The RFU is also committed to growing the English game leading into 2025 and has created two new roles to focus on implementing an ‘Every Rose Action Plan’.
Alex Teasdale has been appointed Head of Women’s and Girls’ Game and will be responsible for leading the women’s game in participation, performance, commerciality and visibility to deliver the action plan.
Matt Farnes becomes the RFU’s first women’s and girls’ marketing manager, having previously worked across numerous game-wide campaigns including ‘Pitch Up For Rugby’ and ‘Show Your Shirt’ in his role as marketing manager. Matt has also worked across the women’s and girls’ game, supporting Allianz Premier 15s, Allianz Inner Warrior, and driving attendance at women’s events.
New roles have also been introduced to support key areas, previously looked after by Nicky Ponsford, who joined World Rugby as Women’s High-Performance Manager on a two-year secondment. Amy Kimber-Roberts moves to become Allianz Premier 15s Strategic Operations Manager and will be supported by an Allianz Premier 15s Operations Executive.
A Women’s Performance Manager will be appointed in the coming weeks, to work across the organisation and game to deliver the key performance outcomes outlined in the action plan.
International development will see investment into women’s elite rugby directed through the Home Unions to support the development of 120 female coaches and 30 female referees. The focus on female coaches and referees will improve the player experience across the Home Nations, with high level coaching fundamental to developing competitive players and top-level match officials necessary to facilitate a high-quality league and support the growth of an underrepresented cohort in elite rugby. The long-term ambition is to drive up standards in the domestic teams to enable England, Scotland, Wales and Ireland to all qualify for RWC in 2029 for the first time in over 20 years.
Speaking about the bid RFU Chief Executive, Bill Sweeney said; “Securing RWC 2025 would add to the impressive list of major sporting events that the UK has attracted since London 2012, reinforcing the UK’s international reputation as a leading major events’ destination and a global leader in promoting women’s sport. As well as providing great economic returns, hosting the tournament would help to further promote rugby as an inclusive sport and provide a springboard to narrow the gap between male and female participation.”
A study by Sheffield Hallam University’s Sport Industry Research Centre (SIRC) demonstrated hosting the RWC in 2025 would be of benefit to the local economies of host venues around the country through job creation as well as services provided and the RWC could boost the economy by £156.25m with projections of an economic return of £5 for every £1 invested.
The Legacy Programme could generate an estimated £86m.
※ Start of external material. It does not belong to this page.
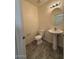 Half bathroom with a pedestal sink, updated lighting, and tile floors at 1745 W Pollack St, Phoenix, AZ 85041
The values attributed to the legacy programme are based on increasing female participation in rugby and volunteering in the sport, combined with evidence on the contribution of community sport and physical activity in England to the five outcomes identified in the UK Government strategy for sport.
Sue Day, RFU Chief Operations and Finance Officer and former England Women’s Captain who represented England at three Rugby World Cups and won three grand slams said; “Securing a bid to host the Women’s RWC would be incredible. We want to leave a lasting legacy for women’s rugby in England, the UK and across the world, both in terms of attracting more people to play and attracting new fans. As we have seen from other home World Cups in Cricket, Hockey and Netball a RWC would further advance all women’s sport and nothing would beat watching the Red Roses compete in front of a full capacity crowd at Twickenham Stadium.”
Subject to securing sufficient private and public sector funding, the final bid submission will go to World Rugby for consideration in January 2022.